And in it all, in the last week, I have lost so much. I have no words for the loss. Words fail me here, they fail me utterly.
It started on Saturday night. My family holding me while I shook and shook and shook and shook. My world grows small, my past grows smaller, everything seems so much more urgent. The phone calls come, at 2 AM, at 3 AM, at 4 AM, at 5 AM and I toss and turn, listening to voices in anguish from far away places, trying to sleep but my mother's agony keeps me away, from India, from Pakistan, the voices call and scream in pain, if shared sorrow is lessened, it didn't seem that way on Saturday night, Sunday morning.
Mercy, I wanted to say, but there was none to be had.

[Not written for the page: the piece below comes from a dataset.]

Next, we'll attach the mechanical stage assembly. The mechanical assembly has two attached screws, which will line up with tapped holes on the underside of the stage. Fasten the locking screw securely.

The stark realness of loss, the naked reality of a person vanishing into memory, just a memory, a voice I will never forget and never hear again, a person reduced only to what I can remember. "I saved her shawl for you," my mother said over the telephone, five days later, and is it enough?
It was raining in the graveyard. It was raining in the house, it was raining in the funeral home, it was raining in the mosque. The day was gray as it gets, and cold, and the sun never dared show its face, so dusk ate the day with the luxurious slowness of a cat with easy prey. And we moved her from place to place, and I saw him come outside, too late, only to stand in line again, and I saw him touch the body, too weak to carry it further, and I did not know how deep the pain could cut until that afternoon in the parking lot. And then, helping carry her down, doing the work with our bare hands as my cousin stood ankle deep inside the grave, it cut deeper.
Afterward, after everything, I sat in the car and called my wife and purged one last time while sickly, a world away, she said, "I'm so sorry," and "I'm so sorry," and "I'm so sorry" and somewhere in that final flood of tears and snot and complete breakdown, in there, I found some small sense of closure.
A week later almost now, a blink of an eye, yet it feels like forever ago. Undulating memories, undulating thoughts, and memories building up in me, pouring out of me, I remember everything, the locks on the folding top of rickshaws, the pattern on the walls of our house, the color of bougainvilleas, the smell of the mango tree in bloom, the walls of my school where she took us, the meticulous pattern of roads taken across the city, manors hundreds of years old still walled and penned in against attack. Memories that are so old that I thought I no longer had them.
Mercy. If there was any to be had, I found it in my family. In the embrace of my cousins, my aunts, my uncles, my parents, my brother. And my grandfather, stoic and patient as rocks. Over and over, he said, Sabr. Sabr. Sabr. And I couldn't bear his patience, and I couldn't bear his courage, and I couldn't bear his sickness. And I couldn't bear this. And I couldn't take it. And it was too much. And it was just this one word - Sabr. Patience. Or Courage. Or Be Stoic. Or something I was not. Could not. Be.
It rained all day and it rained all the way back and after being awake for two days, my shoes caked in graveyard mud, I walked through the door, shed my clothes, stood in scalding waters for a minute and then laid down next to my wife and I closed my eyes and slept, until noon the next day.
Becoming an orphan takes a lot of losses and this was the first. When I woke up, there was no rain in the sky, just some clouds, racing by, as if nothing had changed, liars that they are.